▶ [Exercise requirements]: From the first line of the data through the line containing "Trùng Thảo Ăn", transcribe each line exactly. Pictures do not belong in the copy.

#####

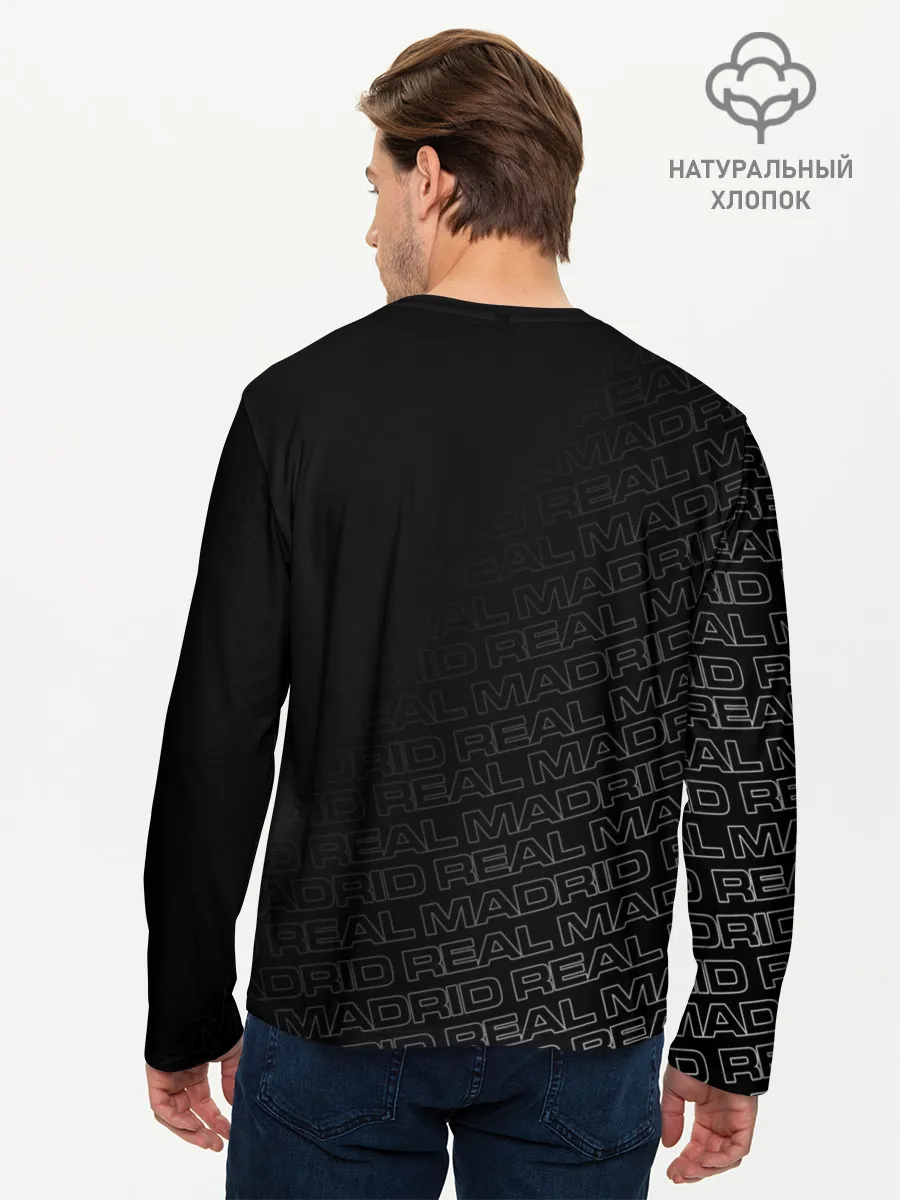 Мужской лонгслив базовый / REAL MADRID / РЕАЛ МАДРИД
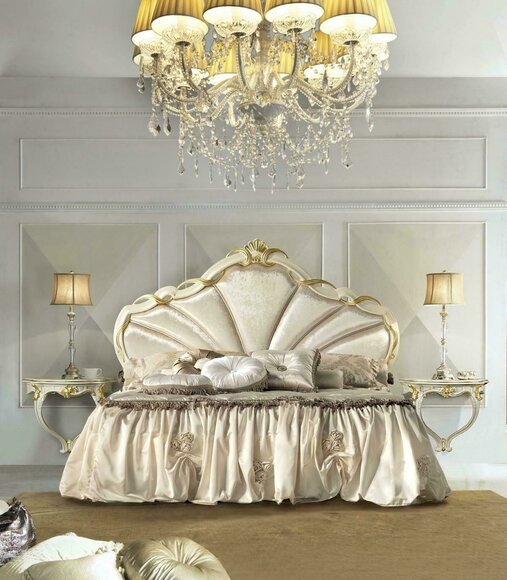 Klassisches Bettgestell Betten - Doppel Bett 180x200cm - Barock Rokoko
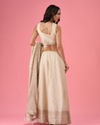 Mohey Women Cream Enchanting Lehenga
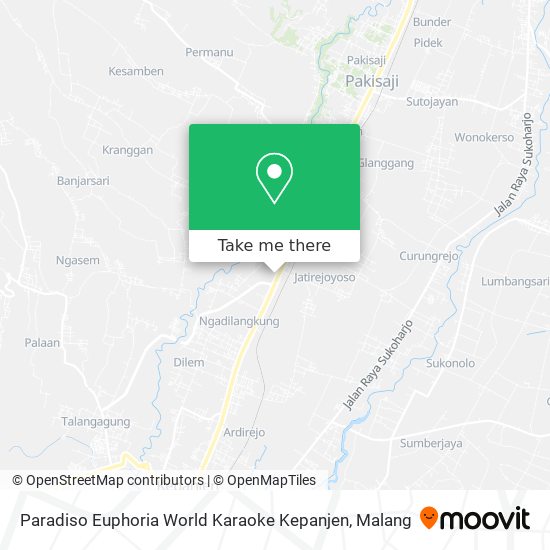 Paradiso Euphoria World Karaoke Kepanjen map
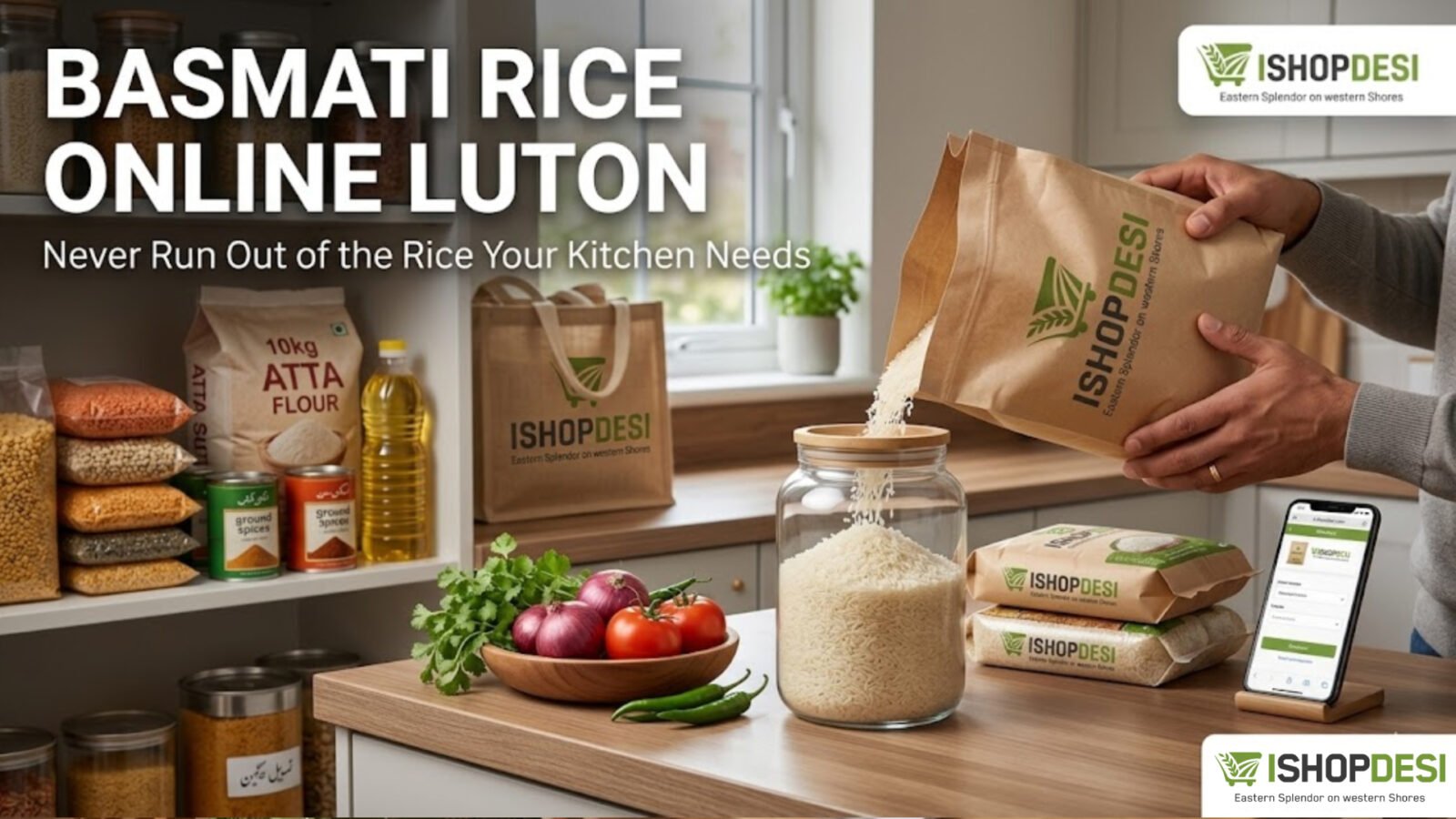 Basmati Rice Online Luton - Never Run Out of the Rice Your Kitchen Needs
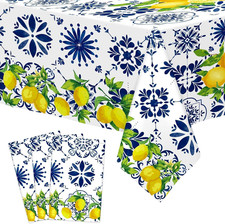 3pz tovaglia capri limone - tovaglia,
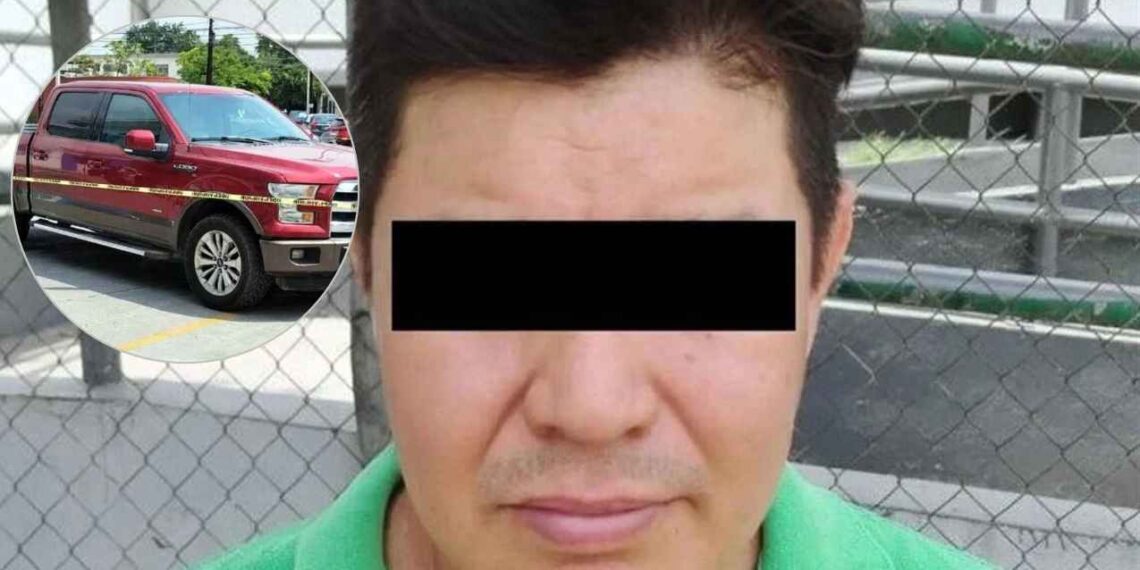 Policía de Monterrey detiene a hombre con camioneta robada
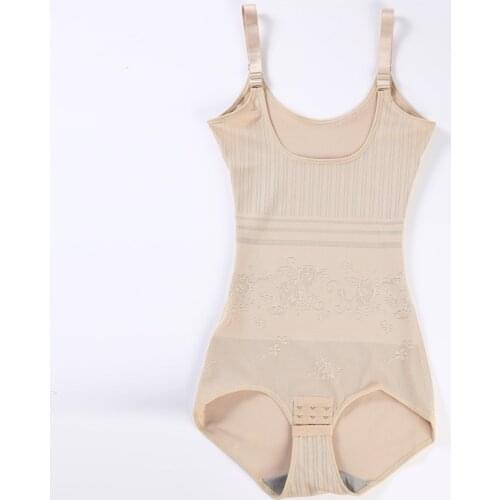 Women Post Natal Postpartum Slimming Underwear Shaper Recover Bodysuits Shapewear Waist Corset Girdle Female Black/Skin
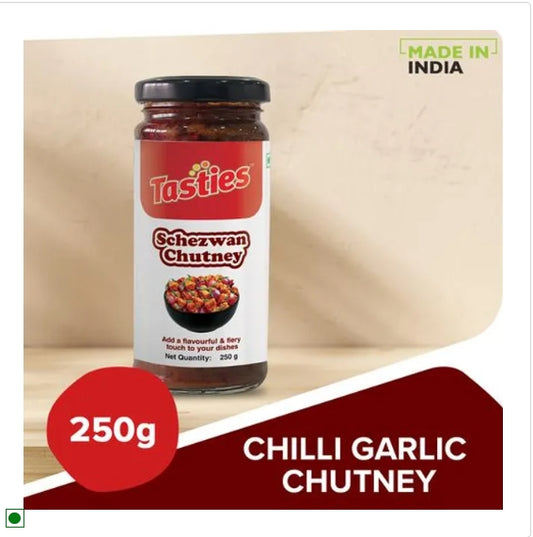 Tasties Schezwan Chutney, 250 g Bottle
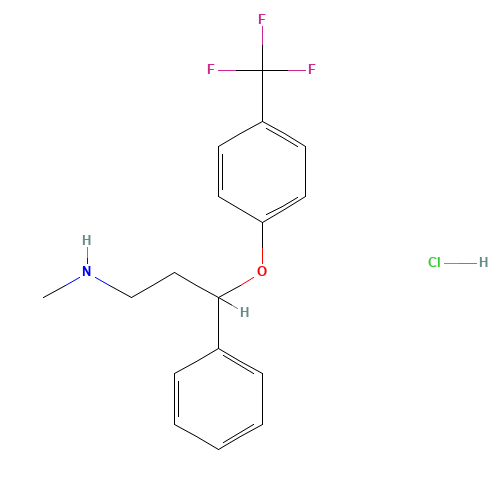 Fluoxetine hydrochloride (CAS: 56296-78-7) - Chemical Structure and Molecular Formula 
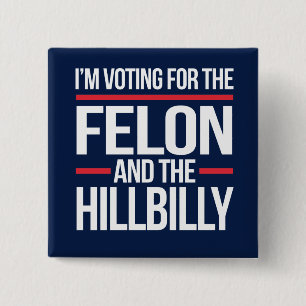 Ich stimme nicht für den Felsen und die Hügel Button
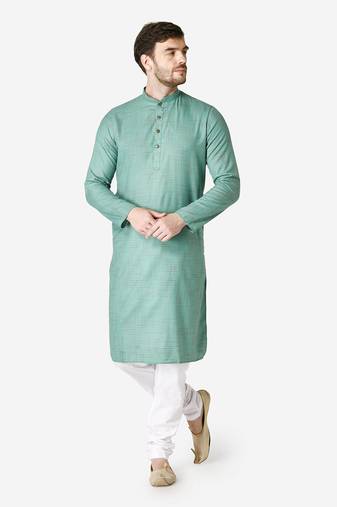 Tabard green  Cotton Kurta for men's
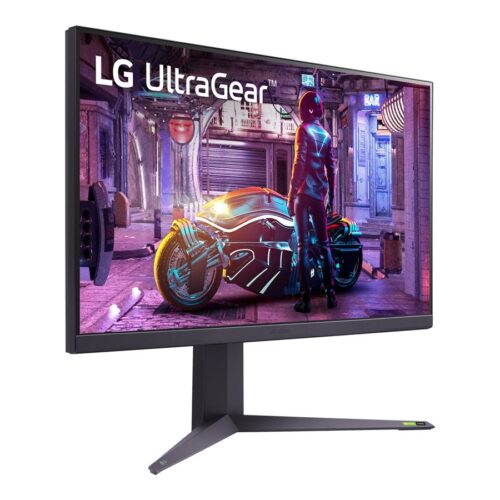 LG 32GQ850-B UltraGear 32″ – 2560 x 1440 QHD @ 240 Hz – Nano IPS – 450 cd/m² – 1000:1 – DisplayHDR 600 – 1 ms – 2xHDMI, DisplayPort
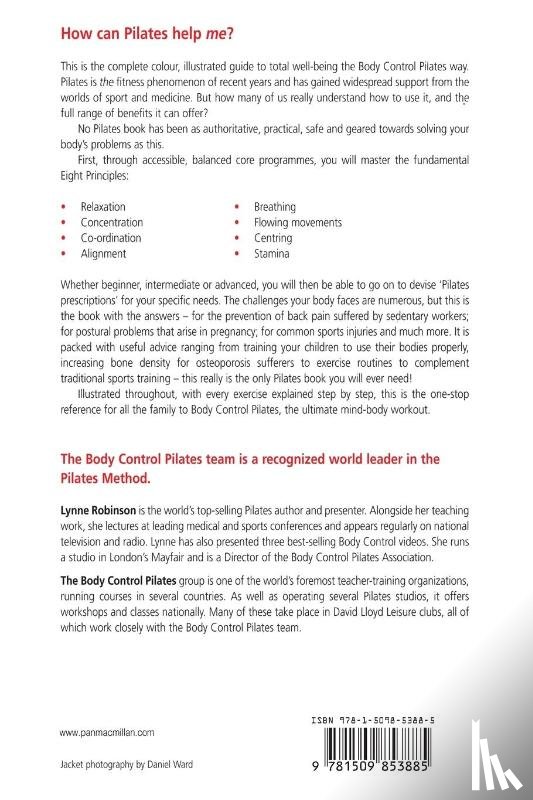 Robinson, Lynne, Thomson, Gordon, Fisher, Helge, Knox, Jacqueline - Official Body Control Pilates Manual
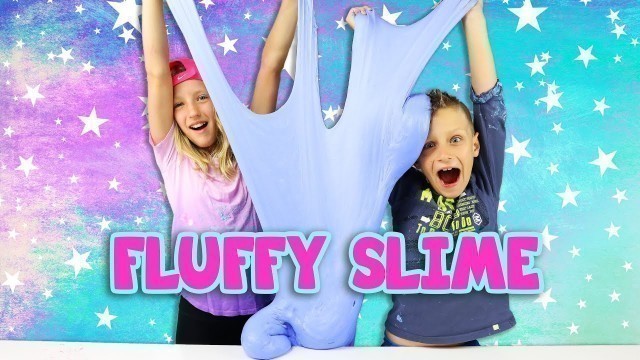 'DIY GIANT FLUFFY SLIME!'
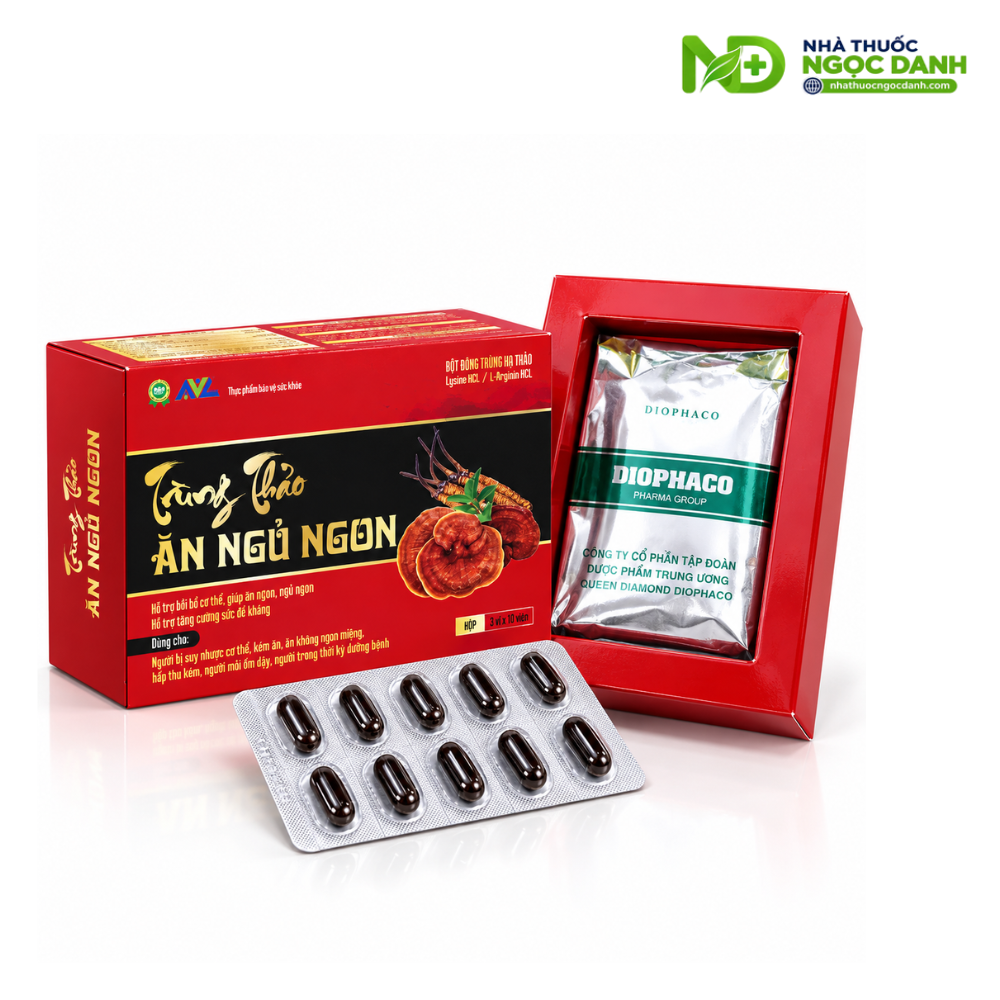 Trùng Thảo Ăn Ngủ Ngon Hộp 30 Viên – Hỗ trợ ăn ngon, ngủ ngon, bồi bổ cơ thể - Ảnh 4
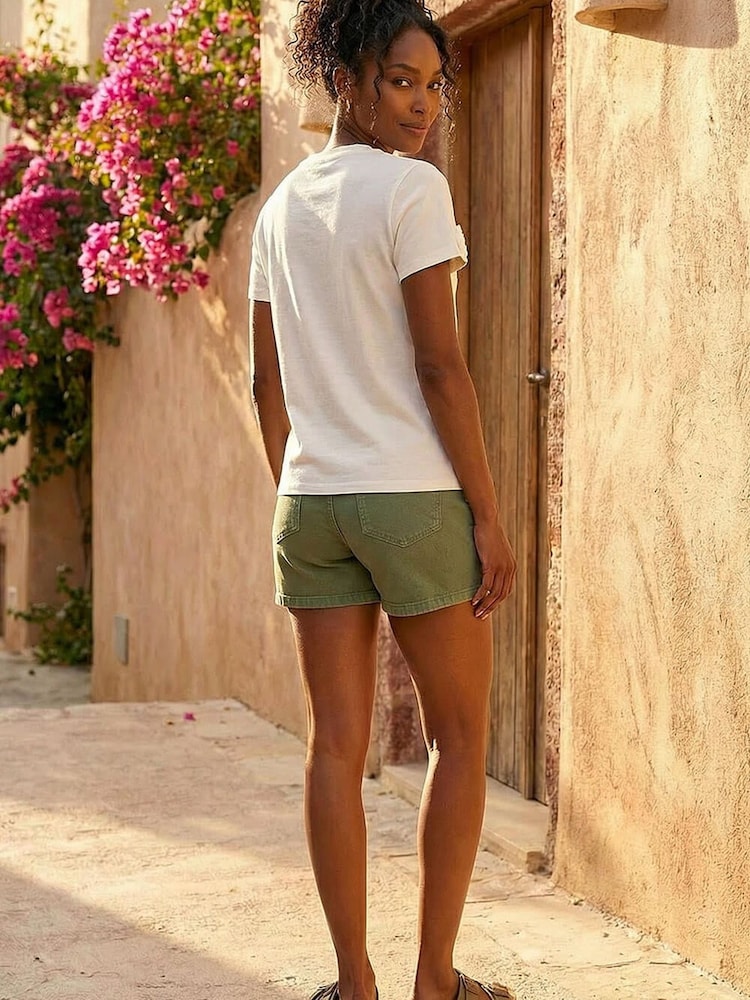 Roman White Floral Applique T-Shirt - Image 2 of 4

#####

▶ [Response to this task]:
 Мужской лонгслив базовый / REAL MADRID / РЕАЛ МАДРИД
 Klassisches Bettgestell Betten - Doppel Bett 180x200cm - Barock Rokoko
 Mohey Women Cream Enchanting Lehenga
 Paradiso Euphoria World Karaoke Kepanjen map
 Basmati Rice Online Luton - Never Run Out of the Rice Your Kitchen Needs
 3pz tovaglia capri limone - tovaglia,
 Policía de Monterrey detiene a hombre con camioneta robada
 Women Post Natal Postpartum Slimming Underwear Shaper Recover Bodysuits Shapewear Waist Corset Girdle Female Black/Skin
 Tasties Schezwan Chutney, 250 g Bottle
 Fluoxetine hydrochloride (CAS: 56296-78-7) - Chemical Structure and Molecular Formula 
 Ich stimme nicht für den Felsen und die Hügel Button
 Tabard green  Cotton Kurta for men's
 LG 32GQ850-B UltraGear 32″ – 2560 x 1440 QHD @ 240 Hz – Nano IPS – 450 cd/m² – 1000:1 – DisplayHDR 600 – 1 ms – 2xHDMI, DisplayPort
 Robinson, Lynne, Thomson, Gordon, Fisher, Helge, Knox, Jacqueline - Official Body Control Pilates Manual
 'DIY GIANT FLUFFY SLIME!'
 Trùng Thảo Ăn Ngủ Ngon Hộp 30 Viên – Hỗ trợ ăn ngon, ngủ ngon, bồi bổ cơ thể - Ảnh 4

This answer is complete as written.